Let me start off by saying whether you’re in high school, college, or a recent college graduate, it’s never too early to start investing. Even if you have just $500 saved that you don’t anticipate needing to use in the next year, that is plenty of money to get you started on the path of investing. In fact, the earlier you start investing the greater your returns can be over time.
An example of the power of investing early.
If you invest $500 in the stock market at age 20 and get an average annual return of 7%, which is the average annual return of the stock market according to most data, by the time you are 40 years old your initial $500 investment will be worth approximately $1,900. That’s almost 4x what you started with!
These calculations don’t even take dividends into consideration. Chances are as you get older and your income grows you will invest more and more money. Overtime these investments can add up to give you substantial returns later in life. The take home message is that the time to start investing is now!
Related: Make Your Money Work For You
What should you invest in?
There are many different options you can choose to invest in, but I will discuss some of the more popular options for low budget investors. Keep in mind not all investments are created equal, some are more risky than others. It’s ultimately up to you to thoroughly research a potential investment before you sink your hard earned money into it.
Here are a few common investments you can do on a low budget:
When you purchase a stock you are literally purchasing a portion of a company. Stocks range in price from less than a penny to thousands of dollars per share. One of the most basic ways to trade stocks is to buy low and sell high. This isn’t to say that everything you buy will eventually increase in price as some stocks decrease, stay flat, or the company can even go out of business.
Not only can you buy low and sell high to make a profit on stocks, you can also earn dividends from some stocks.

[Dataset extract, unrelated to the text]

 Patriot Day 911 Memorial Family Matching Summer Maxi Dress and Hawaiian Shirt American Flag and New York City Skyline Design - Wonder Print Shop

A dividend is a set amount of money you receive for every share you own. When a company pays a dividend they are essentially distributing a portion of the profits to shareholders. Dividends are typically paid two to four times a year. If you own a small number of shares of a particular stock, dividends won’t do much for you. If you own hundreds of shares of a stock or more the dividend is enough that it can almost act as a source of income in some cases.
The return you can expect to see from investing in stocks can vary greatly. For example, you could buy a volatile penny stock (I don’t recommend this) that shoots up 500% overnight, or it could completely tank and the company goes out of business. If you invest in a more stable company (I recommend this), you could expect an average annual return of about 7% according to most historical data. This isn’t to say stocks will go up 7% every year. They may be down 20% one year then up 27% the next year, but the the average annual return of the stock market has averaged about 7% for long term investments. In all honesty it’s hard to say what kind of return you can expect as there are so many different stocks you can invest in and the timing of your investment can play a crucial role.

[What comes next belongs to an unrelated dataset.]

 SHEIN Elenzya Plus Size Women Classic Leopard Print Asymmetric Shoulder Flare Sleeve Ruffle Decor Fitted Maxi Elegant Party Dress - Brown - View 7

Related: Introduction To Stock Investing
When you purchase a bond you are essentially lending money to the company or government you purchased it from. In return, they pay you interest on the money and will eventually pay you back the face value of the bond at a specified time.

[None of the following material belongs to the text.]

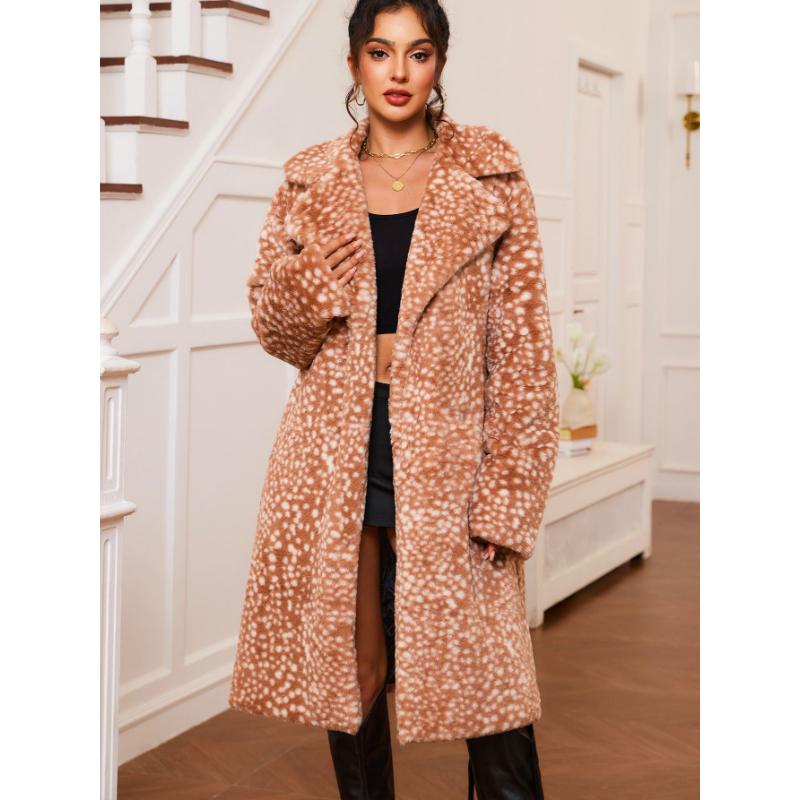 Women's Faux Fur Coat Luxury Open Front Overcoat Outwear Fluffy Winter Warm Parka Long Jackets Cardigan Long Sleeve Lapel Collar Coats for Women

One advantage of investing in bonds versus stocks is that bonds are generally a lower risk. If your bond is with the government it is practically risk-free. The downside to investing is bonds is that the return on your investment is often much smaller than what you can get investing in stocks. As of 2017, the current rates for U.S. savings bonds ranges from 0.10%-2.76%. At these rates, an investment in bonds at this point in time may not even keep up with inflation.
When you buy a mutual fund you are buying a group of stocks or bonds. The group of stocks or bonds in the fund are selected by the fund managers. The different types of funds include money market funds, bond funds, and stock funds.
The advantage of mutual funds is that you don’t need a lot of money to invest. This is also one of the most cost effective ways to create a diverse portfolio that way you aren’t hinging your entire investment on one stock or bond. Another advantage of a mutual fund is that if you are a novice investor it provides a professional management team that take care of choosing the stocks or bonds to include in the fund.
So how do make money from mutual funds? Just like investing in stocks, you can receive dividends from funds that hold dividend paying stocks. Likewise, bond funds will pay you interest. For stock funds, when the fund managers sell a particular stock for a profit, the profit gets distributed to fund owners at the end of the year minus any losses. Another way you can make money is to sell your shares in the fund after the fund has increased in value.
The main risk of mutual funds is that just like stocks, they can go down in value.
Many investment options are available.
Stock, bonds, and mutual funds are only a few of the many investment options available. Other popular investments include real estate, annuities, savings accounts, 401K’s, IRA’s, and stock options. What you choose to invest in is ultimately up to you. The amount of money you have to invest and the risks you are willing to take will help to determine which investments may be right for you.
Before choosing what to invest in it’s beneficial to look at the current state of the economy. For example, in past years you could get a decent interest rate on a savings account, but now the rate is so low that the interest you earn will hardly amount to anything relative to what you invest in it.
The take home message is that you should thoroughly research a potential investment before actually making the decision to invest. After all, you worked hard for that money. Happy investing!